Work instructions: Below are some records; output exactly the lines from the line with "John 3:16 Barnwood Sign image 4" to the line with "Luschari Tarvisio Italy Christmas Ornament", both ends kept, and nothing more.

Stored data:
___
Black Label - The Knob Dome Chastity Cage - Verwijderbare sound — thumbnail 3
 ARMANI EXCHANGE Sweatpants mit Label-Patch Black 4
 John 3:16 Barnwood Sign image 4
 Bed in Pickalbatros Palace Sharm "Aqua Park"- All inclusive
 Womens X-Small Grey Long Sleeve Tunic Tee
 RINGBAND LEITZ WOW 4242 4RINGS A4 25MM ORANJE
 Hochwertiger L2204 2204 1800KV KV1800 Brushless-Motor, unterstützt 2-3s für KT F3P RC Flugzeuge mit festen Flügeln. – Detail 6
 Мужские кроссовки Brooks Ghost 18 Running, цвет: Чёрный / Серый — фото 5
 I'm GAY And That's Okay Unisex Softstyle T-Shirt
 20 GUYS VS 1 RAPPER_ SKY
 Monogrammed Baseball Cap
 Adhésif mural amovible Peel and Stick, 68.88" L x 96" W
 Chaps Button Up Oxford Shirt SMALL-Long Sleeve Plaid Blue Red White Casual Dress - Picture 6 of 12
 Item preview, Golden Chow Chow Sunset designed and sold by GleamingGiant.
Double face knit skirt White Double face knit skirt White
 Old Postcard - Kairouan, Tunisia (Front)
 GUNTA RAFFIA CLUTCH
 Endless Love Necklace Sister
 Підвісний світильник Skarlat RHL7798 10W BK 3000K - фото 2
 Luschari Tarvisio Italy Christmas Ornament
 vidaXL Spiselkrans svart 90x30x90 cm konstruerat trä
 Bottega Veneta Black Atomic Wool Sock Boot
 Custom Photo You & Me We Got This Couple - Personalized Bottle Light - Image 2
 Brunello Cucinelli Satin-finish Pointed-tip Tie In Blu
___
Result of the task:
 John 3:16 Barnwood Sign image 4
 Bed in Pickalbatros Palace Sharm "Aqua Park"- All inclusive
 Womens X-Small Grey Long Sleeve Tunic Tee
 RINGBAND LEITZ WOW 4242 4RINGS A4 25MM ORANJE
 Hochwertiger L2204 2204 1800KV KV1800 Brushless-Motor, unterstützt 2-3s für KT F3P RC Flugzeuge mit festen Flügeln. – Detail 6
 Мужские кроссовки Brooks Ghost 18 Running, цвет: Чёрный / Серый — фото 5
 I'm GAY And That's Okay Unisex Softstyle T-Shirt
 20 GUYS VS 1 RAPPER_ SKY
 Monogrammed Baseball Cap
 Adhésif mural amovible Peel and Stick, 68.88" L x 96" W
 Chaps Button Up Oxford Shirt SMALL-Long Sleeve Plaid Blue Red White Casual Dress - Picture 6 of 12
 Item preview, Golden Chow Chow Sunset designed and sold by GleamingGiant.
Double face knit skirt White Double face knit skirt White
 Old Postcard - Kairouan, Tunisia (Front)
 GUNTA RAFFIA CLUTCH
 Endless Love Necklace Sister
 Підвісний світильник Skarlat RHL7798 10W BK 3000K - фото 2
 Luschari Tarvisio Italy Christmas Ornament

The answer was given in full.